### EXERCISE MATERIAL ###

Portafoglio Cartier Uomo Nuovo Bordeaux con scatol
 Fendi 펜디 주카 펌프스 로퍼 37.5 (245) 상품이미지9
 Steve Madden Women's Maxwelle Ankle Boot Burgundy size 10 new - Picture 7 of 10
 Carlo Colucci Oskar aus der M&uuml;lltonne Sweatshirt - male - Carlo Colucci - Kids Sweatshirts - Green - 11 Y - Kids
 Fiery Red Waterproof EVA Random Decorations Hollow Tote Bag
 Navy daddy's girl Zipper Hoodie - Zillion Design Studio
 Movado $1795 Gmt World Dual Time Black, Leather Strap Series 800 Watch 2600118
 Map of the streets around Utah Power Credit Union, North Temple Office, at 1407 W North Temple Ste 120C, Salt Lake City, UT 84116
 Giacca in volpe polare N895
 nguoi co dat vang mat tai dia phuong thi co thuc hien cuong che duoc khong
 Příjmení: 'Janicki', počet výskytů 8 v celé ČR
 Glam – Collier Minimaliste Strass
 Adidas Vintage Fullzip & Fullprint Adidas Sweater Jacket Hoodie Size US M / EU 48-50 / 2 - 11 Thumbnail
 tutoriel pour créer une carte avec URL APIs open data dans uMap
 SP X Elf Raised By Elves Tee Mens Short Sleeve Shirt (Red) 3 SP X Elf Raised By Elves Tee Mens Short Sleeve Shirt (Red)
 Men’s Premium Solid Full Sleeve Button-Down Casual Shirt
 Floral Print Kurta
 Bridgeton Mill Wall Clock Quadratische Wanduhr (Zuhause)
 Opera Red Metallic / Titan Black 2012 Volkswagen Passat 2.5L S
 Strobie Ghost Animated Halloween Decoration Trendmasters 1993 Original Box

###

**WORK ORDER**
What you give back must be the stretch above, starting at the line with "tutoriel pour créer" and ending at the line with "Bridgeton Mill Wall", copied exactly.

**EXERCISE OUTPUT**
 tutoriel pour créer une carte avec URL APIs open data dans uMap
 SP X Elf Raised By Elves Tee Mens Short Sleeve Shirt (Red) 3 SP X Elf Raised By Elves Tee Mens Short Sleeve Shirt (Red)
 Men’s Premium Solid Full Sleeve Button-Down Casual Shirt
 Floral Print Kurta
 Bridgeton Mill Wall Clock Quadratische Wanduhr (Zuhause)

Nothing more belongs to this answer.